Updated by mhrivnak over 6 years ago
It would be helpful to have more detail on this. What were the circumstances when memory problems were seen? How much memory was used by an individual worker? Which version of pulp exhibited this issue?
Looking in pulp 2.8, it appears that where pulp_rpm does need to parse XML during publish, it does so with sax. See pulp.plugins.util.metadata_writer, which is used by modules in pulp_rpm.plugins.distributors.yum.metadata
Updated by jluza over 6 years ago
Here's the story. I was working on tool that supposed to compare metadata files in repodata directory. For huge repositories, repodata files can have megabytes, even hundreds of megabytes (unpacked). At first I tried to use etree library, but my laptop run out of memory quite quickly - when you consider you have to open two copied of repodata to compare them. So I rewrote my tool to use SAX parsing and stored nodes as lazy, so tool read them only when they were needed. That helped for reading, however diff result had to be also stored somewhere. So I dig more into SAX library and found out sax xml generator. That's how I've discovered SAX generator is much faster then etree.
Then I had idea we could rewrite pulp metadata generator for updateinfo to be SAX instead of etree - because at that times we were trying to improve publish performance every in possible way. After I did that, comparison results showed up significant speed improvement.

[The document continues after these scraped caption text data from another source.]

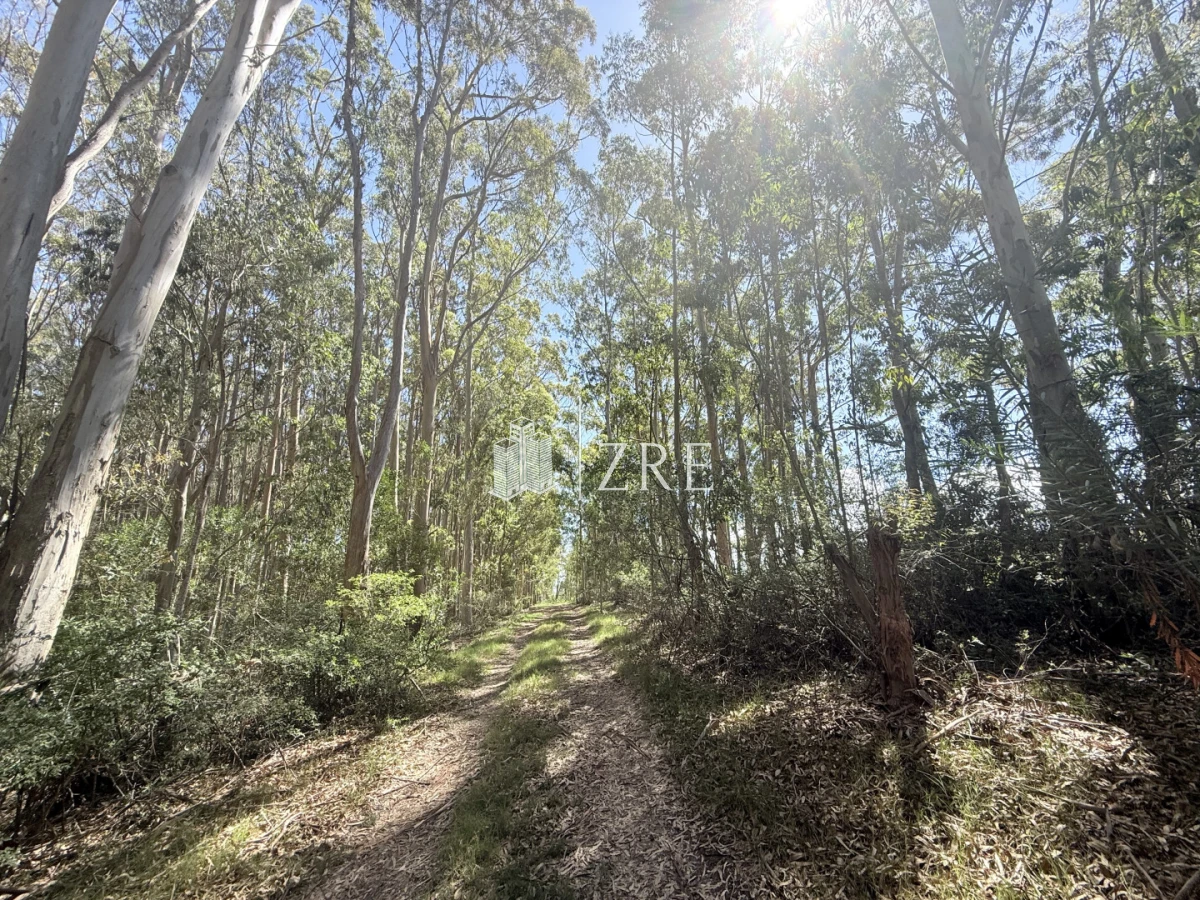 Terreno ID.1250 - Terreno La Juanita Venta 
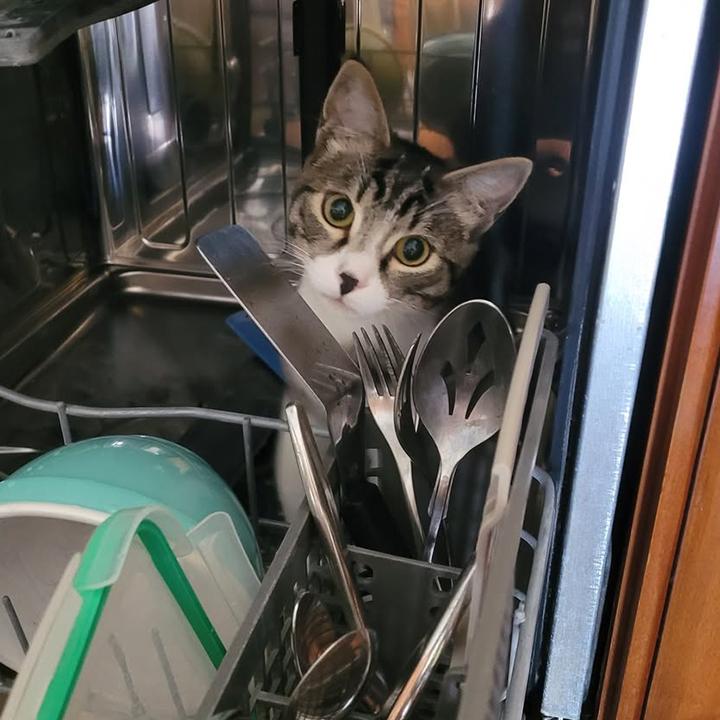 Enlarge Alvin, a ADOPTABLE Domestic Short Hair in Long Beach, CA image 2/6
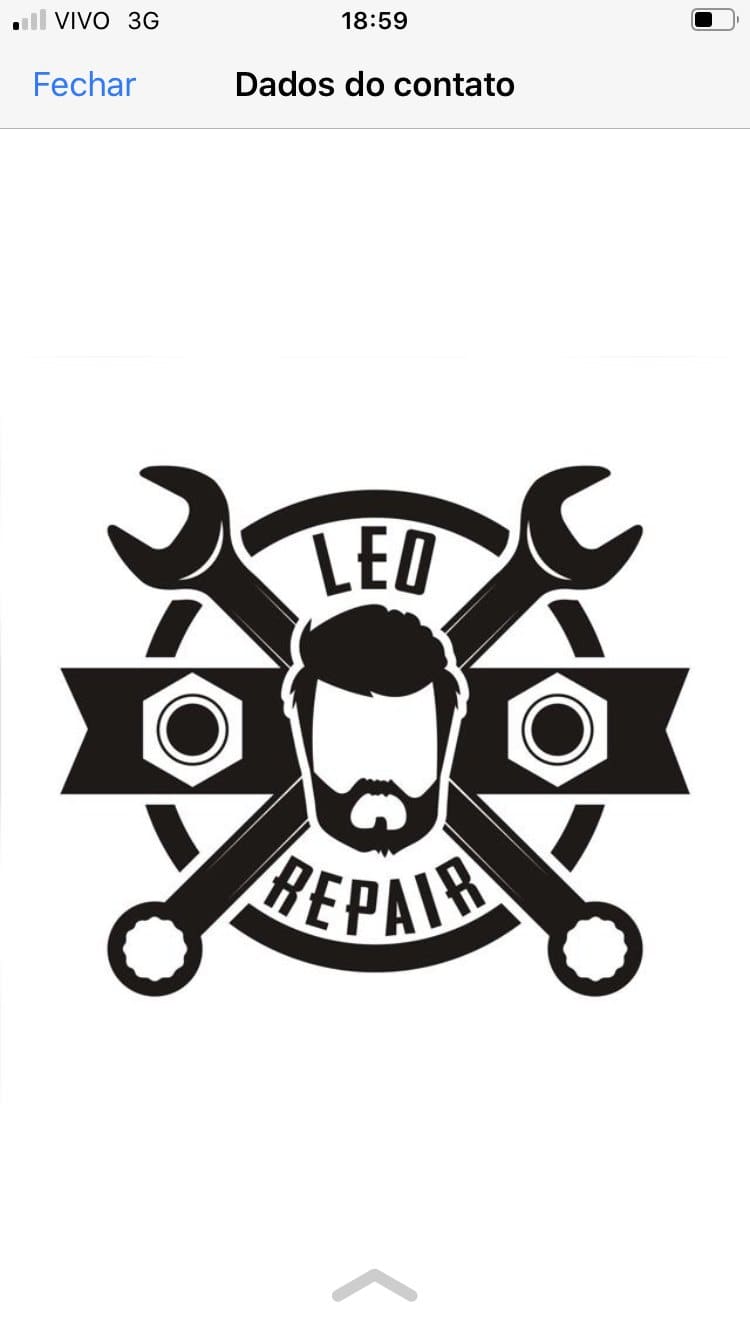 Leo Repair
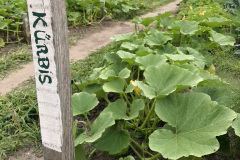 C5AA7334-F421-43FB-8308-5A799E1B07F5_1_105_c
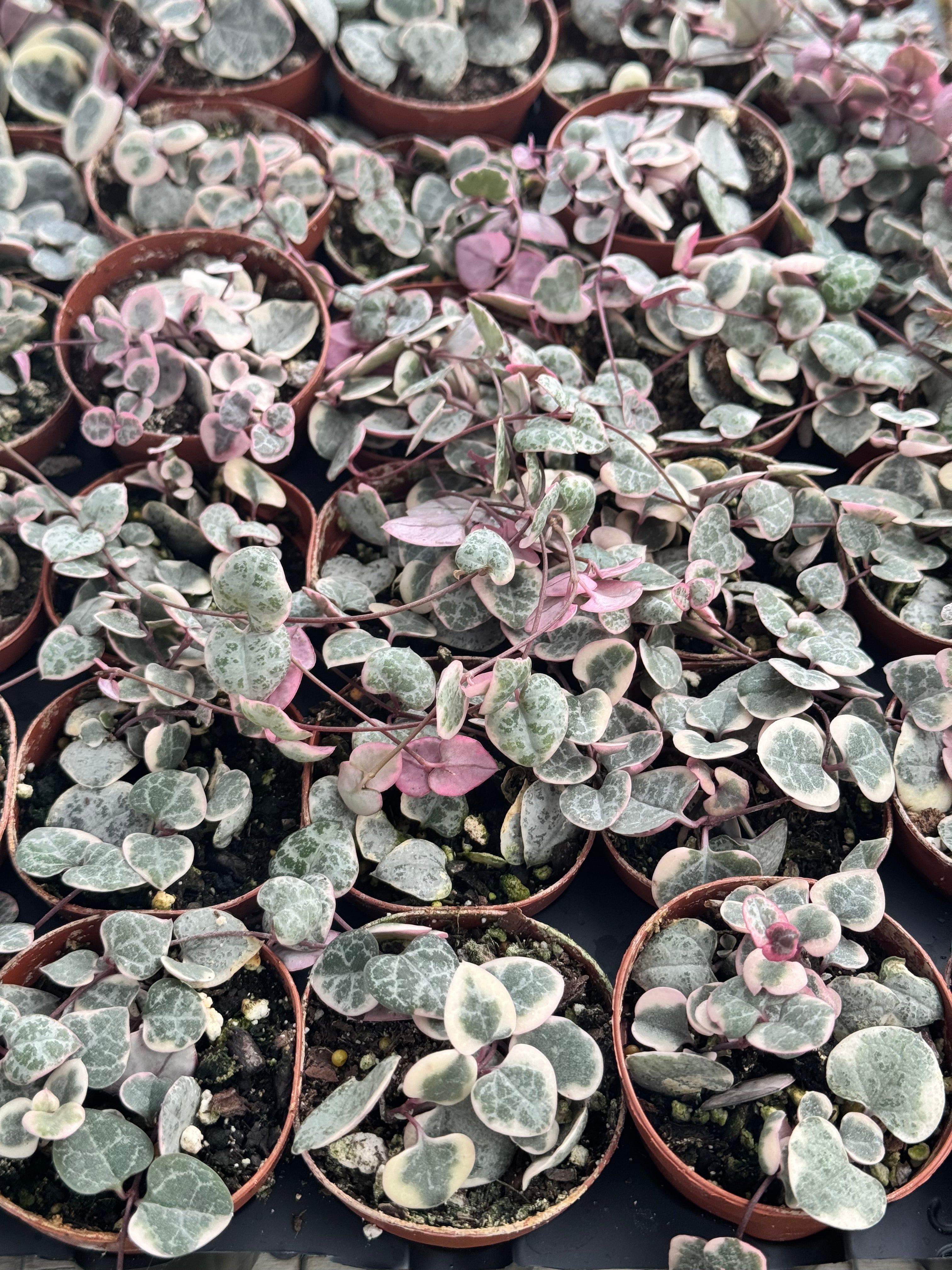 Variegated String of hearts
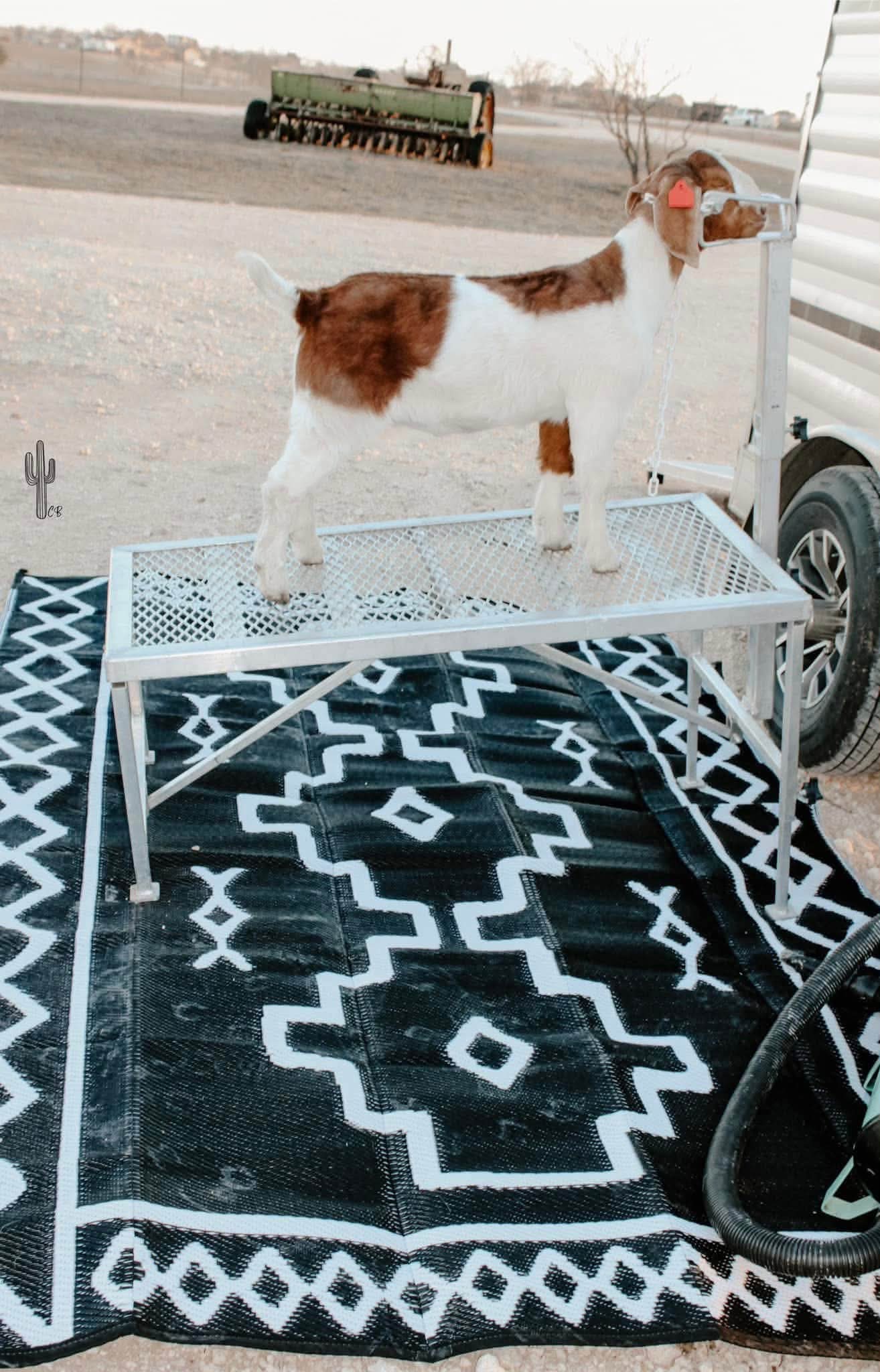 Reversible Outdoor Rugs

I think we've never encountered memory issues due metadata publishing, or if we have, it was only very occasionally. That doesn't mean it can't happen and I think it's better to save memory for more useful stuff than greedy etree library - notwithstanding fact you will get better performance.
and there's still etree used. Of course primary, files and other metadata are composed by sticking individual pieces from db together, I don't think we could make any perf improvement there. But for comps and updateinfo, I think there's place for improvement.
I will provide you patch for comps and updateinfo sax generator, it's basically replaces whole package.py and updateinfo.py files and provides saxwriter library for that. It should be easy to test it.